[Stored data]

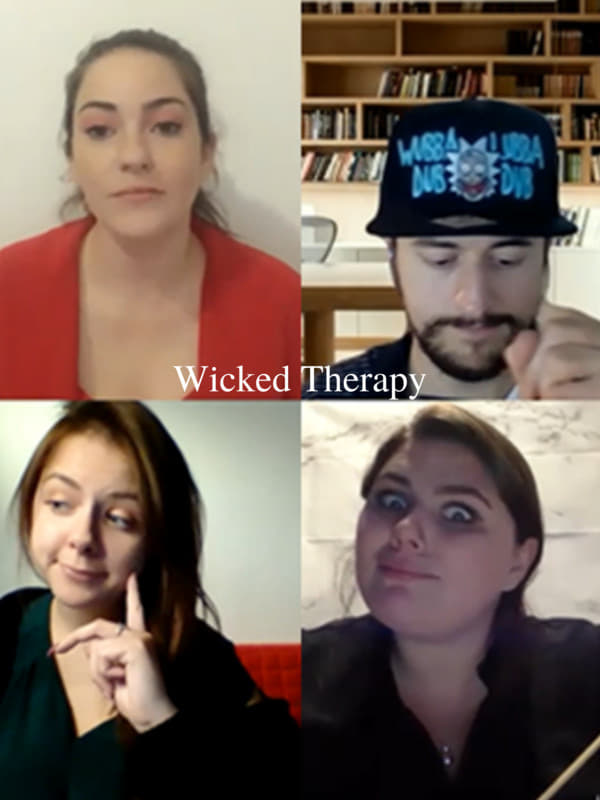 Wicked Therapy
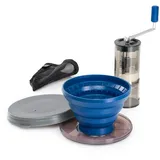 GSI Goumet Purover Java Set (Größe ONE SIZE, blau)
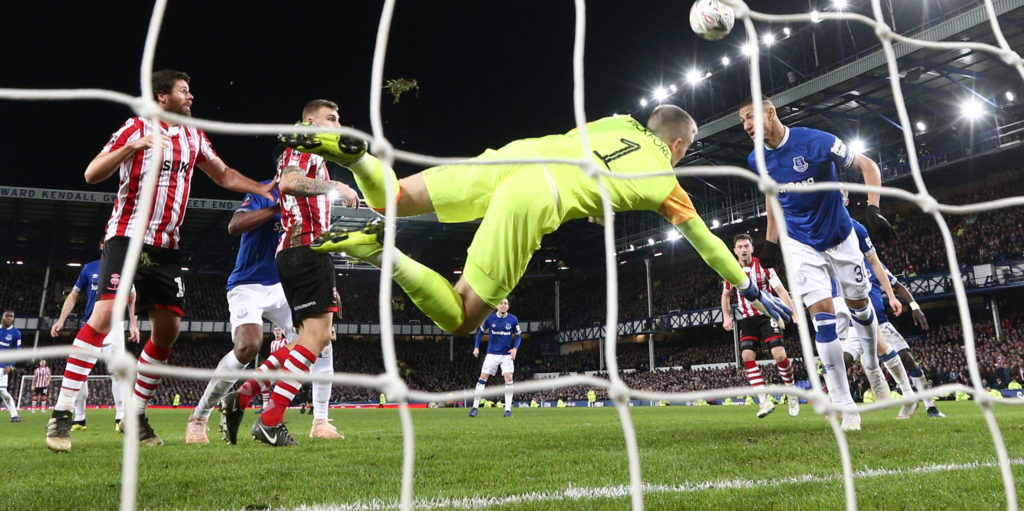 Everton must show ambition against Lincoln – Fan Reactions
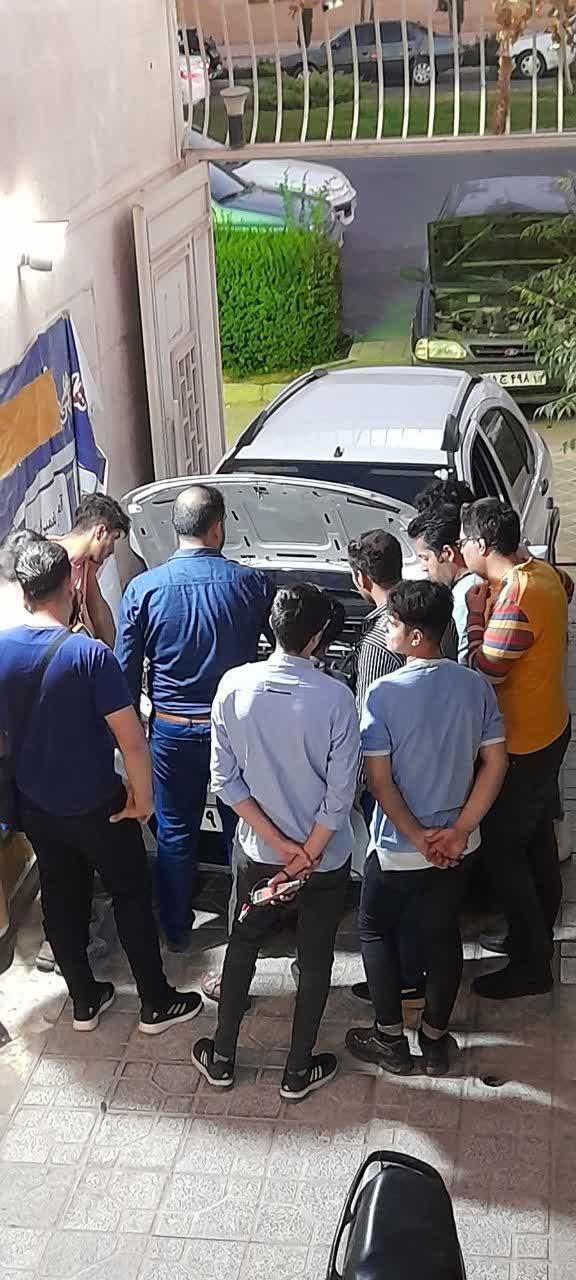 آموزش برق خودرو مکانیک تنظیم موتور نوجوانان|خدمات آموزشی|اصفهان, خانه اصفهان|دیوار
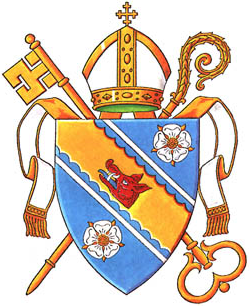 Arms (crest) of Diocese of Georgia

### Work request
Restate, word for word, the entries above, dropping any picture.

### Your solution
 Wicked Therapy
 GSI Goumet Purover Java Set (Größe ONE SIZE, blau)
 Everton must show ambition against Lincoln – Fan Reactions
 آموزش برق خودرو مکانیک تنظیم موتور نوجوانان|خدمات آموزشی|اصفهان, خانه اصفهان|دیوار
 Arms (crest) of Diocese of Georgia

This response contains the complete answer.